The figure below shows one of the service based architecture figures, which is for a roaming scenario with local breakout, i.e. the roaming UE interfaces the Data Network (DN) in the visited network (VPLMN) and the home network (HPLMN) enables it with subscription information (UDM), subscriber authentication (AUSF) and UE specific policies (PCF). Network slice selection (NSSF), network access control and mobility management (AMF), data service management (SMF) and application functions (AF) are provided by the VPLMN. The user plane (UPF) is managed following a model of control and user plane separation similar to what was already introduced in the latest 3GPP 4G release. Security proxies (SEPP) protect the interactions between PLMNs. For more details and other scenarios see [1].

In the local breakout scenarios a UE receives the services of a PLMN typically completely from the serving operator's administrative domain. Home-routed data services are the alternative for roaming scenarios, which have also network functions from the home operator's administrative domain involved and the UE interfaces the DN in the HPLMN.

architecture image01v3b

Service based principles apply between the control plane network functions of the Core Network. Further, the 5G system architecture allows network functions to store their contexts in Data Storage Functions (DSF).
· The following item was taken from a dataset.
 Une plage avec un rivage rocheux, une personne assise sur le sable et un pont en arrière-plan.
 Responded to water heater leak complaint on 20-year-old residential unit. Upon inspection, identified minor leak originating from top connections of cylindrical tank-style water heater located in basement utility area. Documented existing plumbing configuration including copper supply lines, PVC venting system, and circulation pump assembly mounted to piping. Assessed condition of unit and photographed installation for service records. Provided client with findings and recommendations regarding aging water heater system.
Functionality for releasing the UE specific Access Network – Core Network transport associations from one AMF and re-binding with another AMF enables separating such data storage also for the AMF. Earlier system architectures had more persistent UE specific transport associations, which made it more complex to change the UE's serving node that compares to an AMF.  The new functionality simplifies changing the AMF instance that serves a UE. It also supports increasing AMF resilience and load balancing as every AMF from a set of AMFs deployed for the same network slice can handle procedures of any UE served by the set of AMFs.

Common Core Network

The generalised design of the functionalities and a forward compatible Access Network – Core Network interface enable the 5G common Core Network to operate with different Access Networks. In 3GPP Release 15 these are the 3GPP defined NG-RAN and the 3GPP defined untrusted WLAN access. Studies on other access systems that may be used in future releases started already. The 5G system architecture allows for serving both Access Networks by the same AMF and thereby also for seamless mobility between those 3GPP and non-3GPP accesses. The separated authentication function together with a unified authentication framework allow to customize the user authentication according to the needs of the different usage scenarios, e.g. different per network slice. Most of the other 5G system architecture functionality introduced by this article is common for different Access Networks. Some functionality provides variants that are more suitable for specific Access Networks, like certain QoS functionality described later.

Network Slicing

A distinct key feature of the 5G system architecture is network slicing. The previous generation supported certain aspects of this with the functionality for dedicated Core Networks. Compared to this 5G network slicing is a more powerful concept and includes the whole PLMN. Within the scope of the 3GPP 5G system architecture a network slice refers to the set of 3GPP defined features and functionalities that together form a complete PLMN for providing services to UEs. Network slicing allows for controlled composition of a PLMN from the specified network functions with their specifics and provided services that are required for a specific usage scenario.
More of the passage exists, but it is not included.